The latest Index shows Air New Zealand taking line honours for the second year in a row; the carrier ranked 2nd in 2015. It also ranked first in the Australian Corporate Reputation Index, also released this week. Its reputation has seen it rank highly since the Corporate Reputation Index was established in NZ, ranking third in 2013 and first in 2011 and 2012.
Toyota has also continued its impressive streak of overall reputational rankings, coming in 2nd for the second year in a row. It ranked first in 2015 and 2013, and again second in 2014.
“It appears that Air New Zealand currently has no ‘weak spots’ in its reputation,” said Oliver Freedman, MD, AMR. “It rates in the excellent category across the board which shows it has found a way to engage with New Zealand consumers, but also get a clear and consistent message out there through its marketing activities.”
Freedman said overall reputation scores were up across the board in this year’s NZ index, demonstrating that New Zealanders had higher levels of admiration, trust and respect for companies than ever before.

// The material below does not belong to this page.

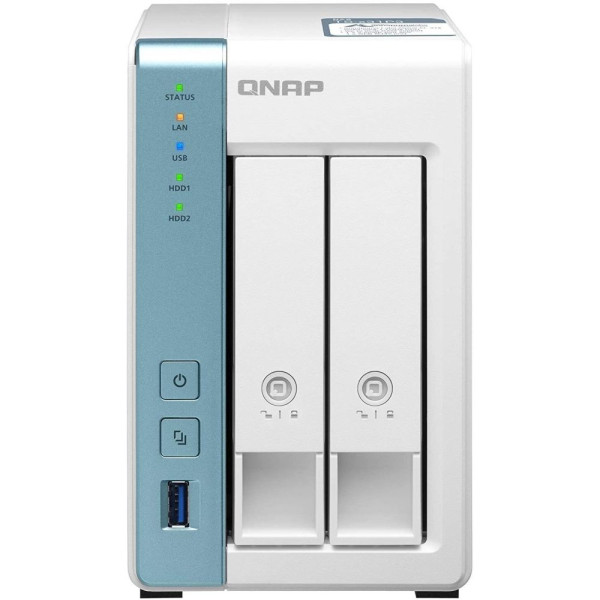 Система зберігання даних QNAP TS-231P3-4G з 2 відсіками для дисків, 4GB RAM, настільне виконання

Fonterra Cooperative has also improved its reputation, following a steep decline in 2016. Freedman said its improved position could be attributed to increases across all the individual dimensions, but particularly Citizenship and Performance.
“This result shows that while a negative and public issue can see overall reputation decline, consistent commitment to rebuilding trust among consumers can rebuild positive perceptions. Their overall reputation is now at its best since tracking began in NZ,” said Freedman.